Wear layers of clothing. No matter the condition of the testing room, you want your body to be neither too hot nor too cold, so dress for all seasons.

Stay hydrated. Hydration specifically means water, so bring a water bottle to the test. (Avoid caffeine because it could wear off mid-test. If you’re tired on test day, you didn’t sleep enough.)

Although these tips are particularly good on test day, getting enough rest, food, and water all the time is highly recommended! Your brain will thank you for taking care of your body.

    3. Emotional Preparation

Being emotionally prepared for the test is where things can get gritty.

Yes, tests are important—maybe even life-changing. But most of the time, one single test isn’t going to make or break your life.

Take the power away from the test. Separating your self-worth from tests is an extremely valuable lesson to learn early. Do your absolute best on a test, but don’t let the result define you.

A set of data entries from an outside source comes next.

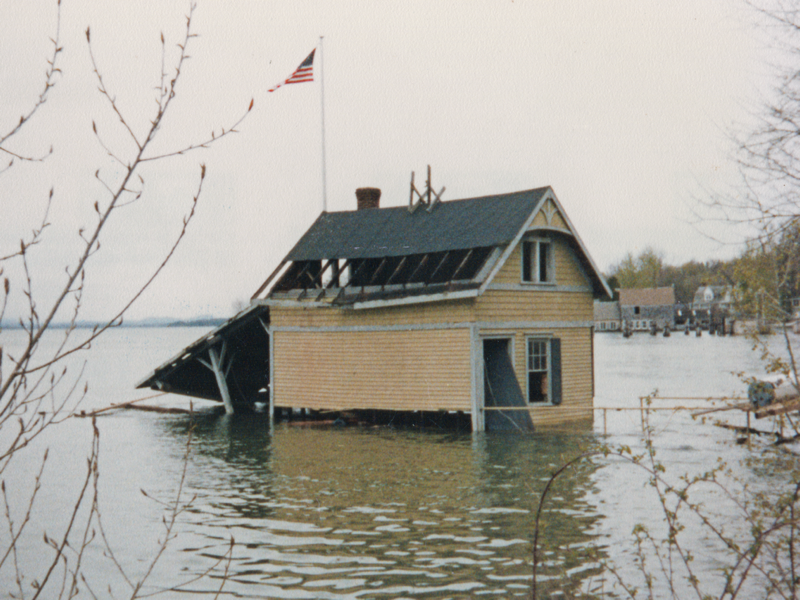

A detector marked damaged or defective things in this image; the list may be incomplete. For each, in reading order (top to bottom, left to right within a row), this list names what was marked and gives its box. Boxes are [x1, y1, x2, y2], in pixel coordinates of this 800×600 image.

damaged roof [282, 188, 552, 260]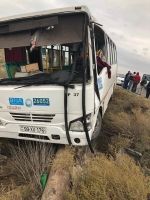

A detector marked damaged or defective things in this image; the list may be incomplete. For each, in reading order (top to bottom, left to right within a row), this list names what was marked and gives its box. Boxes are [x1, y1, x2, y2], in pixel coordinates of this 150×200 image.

crashed white bus [0, 5, 117, 152]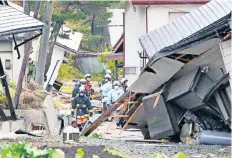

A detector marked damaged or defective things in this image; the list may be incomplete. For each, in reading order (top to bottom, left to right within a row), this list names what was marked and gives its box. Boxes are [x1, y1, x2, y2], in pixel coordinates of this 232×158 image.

splintered plank [82, 91, 135, 136]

Think through the worst-case scenario, the best-case scenario, and the most likely scenario. Most likely, you’ll do better than just okay, meaning you will be that much closer to achieving your goals. (Plus by that time, the test itself will be long since over.)

A lot of test anxiety comes from putting too much importance on test results. A person is so much more than a number.

Very Important Note: If your anxiety is incapacitating or if you have a panic attack, talk to a trusted adult about getting medical help.

Accepting yourself apart from the test is a key part of emotional test preparation.

    4. Breathe!

Whether you call it deep breathing, belly breathing, or slow breathing, it can help you calm down. Really and truly, breathing calmly can calm you.

Here’s how:

  1. Exhale fully through your mouth by pulling in your stomach until your lungs are empty.
  2. Pause for 2 to 7 seconds or whatever feels comfortable.
  3. Inhale slowly through your nose. Your stomach should pooch out to show you are filling the bottom of your lungs. (If your shoulders are going up instead, you’re taking a shallow breath.)
  4. Pause again.
  5. Repeat.

Anxious feelings tend to speed up your heart rate. On a slow, controlled exhale, your heartbeat regulates itself. On a cycle of slow, controlled exhaling, your heartbeat calms down, and so does the rest of you.

Breathe deeply for one minute. Your heart should stop racing, your lightheadedness should disappear, and your stomach should feel more stable.

If you’ve prepared your mind, body, and emotions, you just need to take some deep breaths before you start your test.